Europe is home to 15% of the world's population. The area includes Eastern and Western Europe, as well as European Russia.
The continent of Europe is connected to the continent of Asia. Unlike other geographically separated continents, Europe is considered
its own continent because of historical reasons.Europe is surrounded by water on all but its eastern side, where it borders Asia. On the north, the Barents Sea bounds Europe, to the south is the Mediterranean Sea, and on the western coast is the Atlantic Ocean.
Many different geographical features form the continent. The coastline
consists of many peninsulas, fjords, and islands.
Europe is a highly complex home to people of many different nationalities.

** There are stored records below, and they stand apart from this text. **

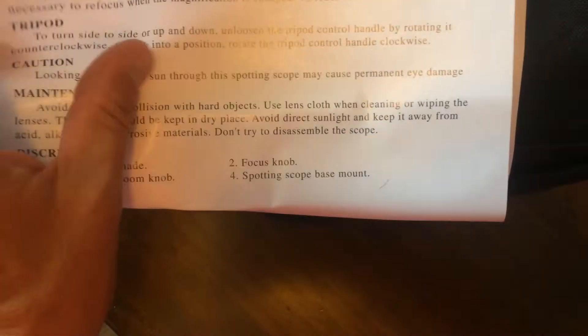Here's where you mail it back. It does say for U.S. use only. You do get a lens cleaning cloth, and then you also have your instructions here.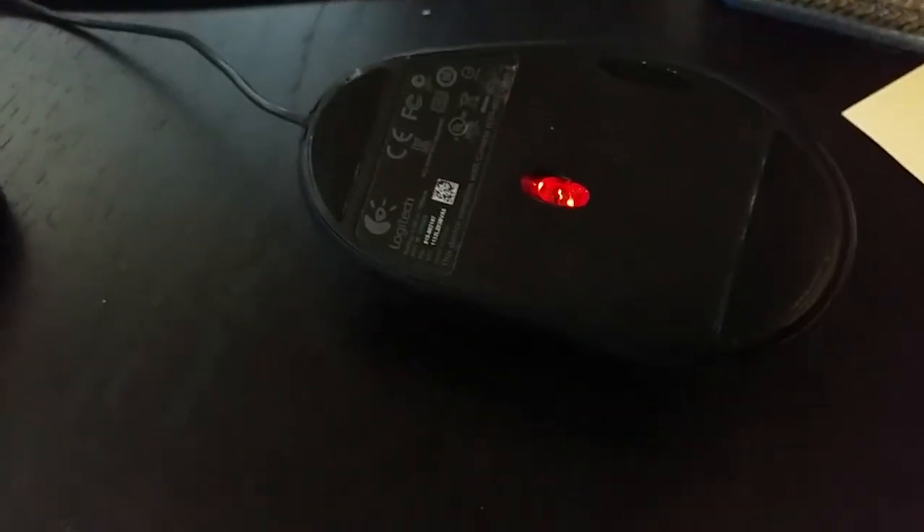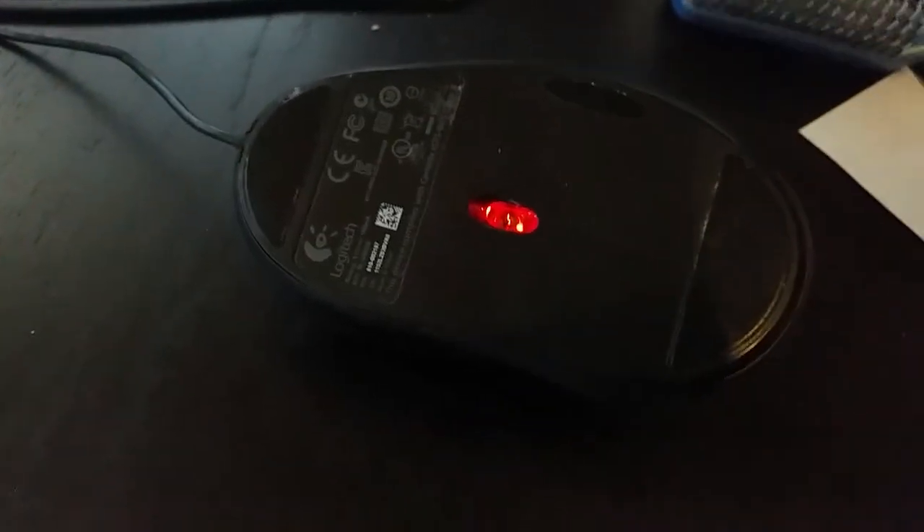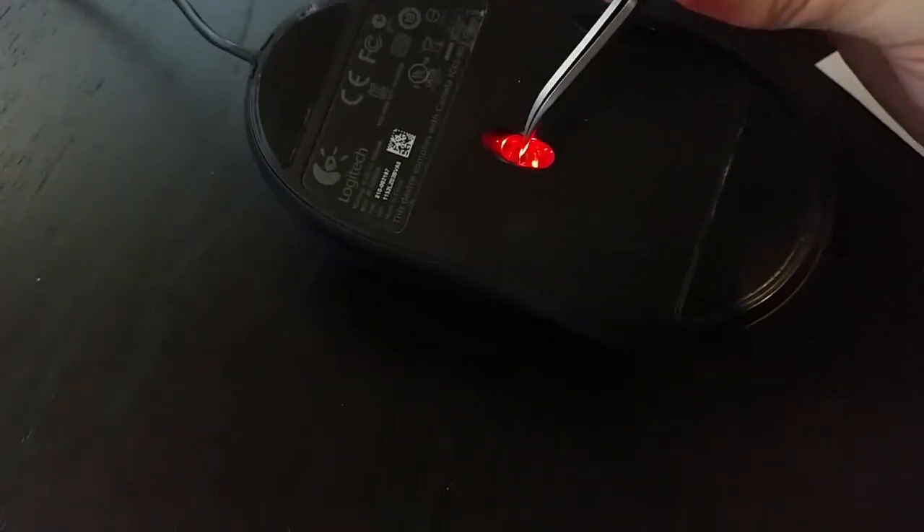Just turn over your mouse and as we can see there is a hair in the sensor, so we'll just take it out and the problem goes away, and that's it.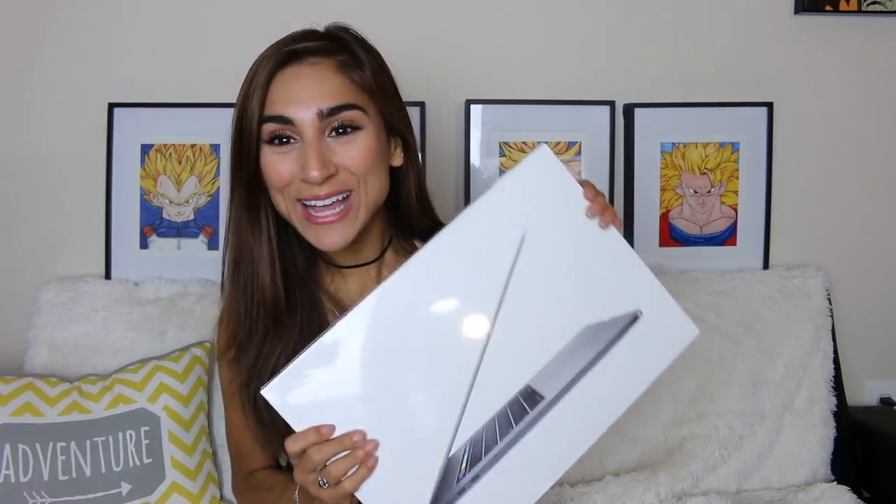Hey guys, it's Bunnies and welcome back to another video. Today I have something really really special for you guys — it's really really special to me. Today is my aunt's two year anniversary and for our anniversary, aunt got me a 15 inch MacBook Pro. Honestly it is the coolest thing ever, it's one of the best gifts I think I've ever gotten.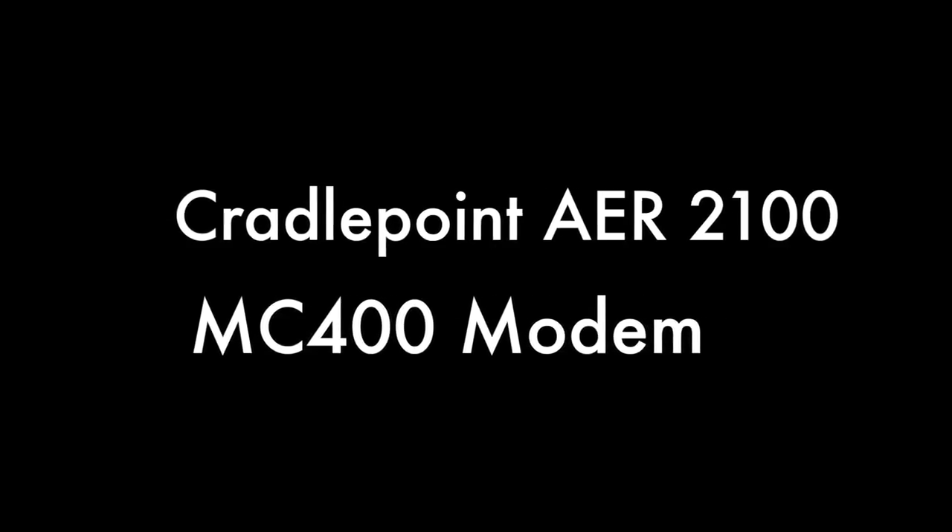Hello, this is Kevin with 3G Store, and today we're going to take a look at the MC400, the new half-size embedded modem for the AER2100.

The continent has long been an important shaper of the world, and remains highly prosperous today.
Now, many nations of Europe have joined together to form the European Union. Cooperation between the countries may make the enforcement of environmental laws easier, and could assist in the signing of environmental treaties.
Ministers of the Environment from nations across Europe met at Dobríš Castle, Czechoslovakia, in 1991 to identify the challenges the continent faced.
They determined that the most major problems the continent would have to deal with are climate change, stratospheric ozone depletion, the loss of biodiversity, major accidents, acidification, tropospheric ozone and other
photochemical oxidants, the management of fresh water, forest degradation, coastal zone threats and management, waste reduction and management, urban stress, and chemical risks.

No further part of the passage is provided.